- _Requirement_:
Please return the lines of the data that contain "Paling".

- _Web page caption snippets_:

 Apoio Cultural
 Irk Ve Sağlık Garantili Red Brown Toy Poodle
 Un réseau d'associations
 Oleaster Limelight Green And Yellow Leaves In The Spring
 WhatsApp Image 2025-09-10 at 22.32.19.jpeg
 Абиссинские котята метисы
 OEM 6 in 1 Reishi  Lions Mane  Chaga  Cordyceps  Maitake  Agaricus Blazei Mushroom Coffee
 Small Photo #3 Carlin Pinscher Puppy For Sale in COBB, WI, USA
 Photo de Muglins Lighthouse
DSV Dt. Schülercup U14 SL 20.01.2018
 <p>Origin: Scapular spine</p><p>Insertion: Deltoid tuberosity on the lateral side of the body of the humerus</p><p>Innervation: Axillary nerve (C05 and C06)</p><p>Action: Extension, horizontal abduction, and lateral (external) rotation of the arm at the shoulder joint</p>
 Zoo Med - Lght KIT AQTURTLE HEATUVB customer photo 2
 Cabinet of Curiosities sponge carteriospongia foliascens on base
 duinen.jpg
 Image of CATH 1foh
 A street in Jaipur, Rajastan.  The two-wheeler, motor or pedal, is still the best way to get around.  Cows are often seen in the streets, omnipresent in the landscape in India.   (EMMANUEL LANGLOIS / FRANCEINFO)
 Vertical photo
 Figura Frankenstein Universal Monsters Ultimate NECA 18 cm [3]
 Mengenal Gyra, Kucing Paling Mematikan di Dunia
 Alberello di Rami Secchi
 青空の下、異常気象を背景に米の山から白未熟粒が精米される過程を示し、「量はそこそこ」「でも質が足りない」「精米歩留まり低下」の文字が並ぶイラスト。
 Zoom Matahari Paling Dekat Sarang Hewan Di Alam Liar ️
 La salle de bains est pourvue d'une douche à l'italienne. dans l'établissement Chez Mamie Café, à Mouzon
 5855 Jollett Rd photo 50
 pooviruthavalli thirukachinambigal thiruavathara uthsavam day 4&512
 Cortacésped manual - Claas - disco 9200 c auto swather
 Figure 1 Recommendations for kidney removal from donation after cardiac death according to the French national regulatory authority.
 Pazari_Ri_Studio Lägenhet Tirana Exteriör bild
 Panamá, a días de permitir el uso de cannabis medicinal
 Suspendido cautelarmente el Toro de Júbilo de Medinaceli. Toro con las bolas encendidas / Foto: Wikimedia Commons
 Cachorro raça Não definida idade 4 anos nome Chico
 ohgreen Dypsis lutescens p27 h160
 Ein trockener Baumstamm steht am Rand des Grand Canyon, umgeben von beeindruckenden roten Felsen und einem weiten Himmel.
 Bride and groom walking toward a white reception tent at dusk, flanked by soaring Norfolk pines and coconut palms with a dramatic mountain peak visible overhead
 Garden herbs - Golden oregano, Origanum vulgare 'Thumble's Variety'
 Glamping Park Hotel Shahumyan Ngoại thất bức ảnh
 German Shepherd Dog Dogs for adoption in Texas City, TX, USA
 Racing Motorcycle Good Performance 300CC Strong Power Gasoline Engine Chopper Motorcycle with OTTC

- _Written response_:
 Mengenal Gyra, Kucing Paling Mematikan di Dunia
 Zoom Matahari Paling Dekat Sarang Hewan Di Alam Liar ️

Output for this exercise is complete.